Any prospective purchasers have to be approved by the Board of Directors before they can actually purchase in the building and this must be specified as one of the subjects in your "Contract of Purchase and Sale". Why do I think of this as an advantage? All residents will feel secure that the new purchasers are aware of what they are purchasing and will abide by the rules and regulations of the co-op. Just to clarify, the interview is NOT about finding out personal information from the purchaser or "screening" a purchaser to see if they fit in. It is more about ensuring that the purchaser has read the "House Rules", is aware of the restrictions, understands how the parking works, understands how the laundry works and so on.
Yet another advantage of purchasing in a co-op is that, in most cases, property transfer tax will not apply.

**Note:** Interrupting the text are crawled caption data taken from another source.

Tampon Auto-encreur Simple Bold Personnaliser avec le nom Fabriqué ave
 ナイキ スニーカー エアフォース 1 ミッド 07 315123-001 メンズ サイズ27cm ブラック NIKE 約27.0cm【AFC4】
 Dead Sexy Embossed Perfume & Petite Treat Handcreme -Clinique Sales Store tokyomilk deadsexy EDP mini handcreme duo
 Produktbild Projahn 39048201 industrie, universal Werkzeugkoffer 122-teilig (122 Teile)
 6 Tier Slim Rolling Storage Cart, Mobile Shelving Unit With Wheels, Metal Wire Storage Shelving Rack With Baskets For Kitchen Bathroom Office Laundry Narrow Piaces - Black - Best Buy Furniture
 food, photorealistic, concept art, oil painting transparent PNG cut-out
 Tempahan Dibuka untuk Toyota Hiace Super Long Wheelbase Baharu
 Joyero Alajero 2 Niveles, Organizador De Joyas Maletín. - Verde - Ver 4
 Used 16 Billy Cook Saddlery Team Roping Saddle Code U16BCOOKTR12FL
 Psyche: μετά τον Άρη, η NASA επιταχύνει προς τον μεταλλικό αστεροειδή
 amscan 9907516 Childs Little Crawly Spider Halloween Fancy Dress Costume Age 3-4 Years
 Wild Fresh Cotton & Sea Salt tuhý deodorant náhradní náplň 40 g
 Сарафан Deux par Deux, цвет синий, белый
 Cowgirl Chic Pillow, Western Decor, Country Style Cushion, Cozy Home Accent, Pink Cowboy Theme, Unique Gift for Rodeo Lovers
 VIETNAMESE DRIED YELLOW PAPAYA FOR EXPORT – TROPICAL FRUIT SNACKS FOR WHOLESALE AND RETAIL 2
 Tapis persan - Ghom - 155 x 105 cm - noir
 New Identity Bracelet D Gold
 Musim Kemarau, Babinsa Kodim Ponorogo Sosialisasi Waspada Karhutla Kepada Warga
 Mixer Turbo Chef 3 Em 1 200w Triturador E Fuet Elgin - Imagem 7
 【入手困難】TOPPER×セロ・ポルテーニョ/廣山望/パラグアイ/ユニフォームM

You should always verity with your notary or lawyer, but if the shares are not registered at Land Title chances are you will be saving yourself some fees since you are only purchasing shares and not "land". Your offer must specify the amount of shares you are purchasing. Property taxes are usually included in your maintenance fee but you can still claim your Homeowner's Grant if you qualify for it. Ass assessments, levies, taxes, etc. are based on the co-efficient of each suite - the percentage of the entire building that each suite represents. Again, these numbers are available from the "Articles of Association".
Most financial institutions will require at least 35% down if you are looking to finance a co-op purchase. Van-City seems to be the institution of preference since their requirements for hypothecation are acceptable by the Board of Directors.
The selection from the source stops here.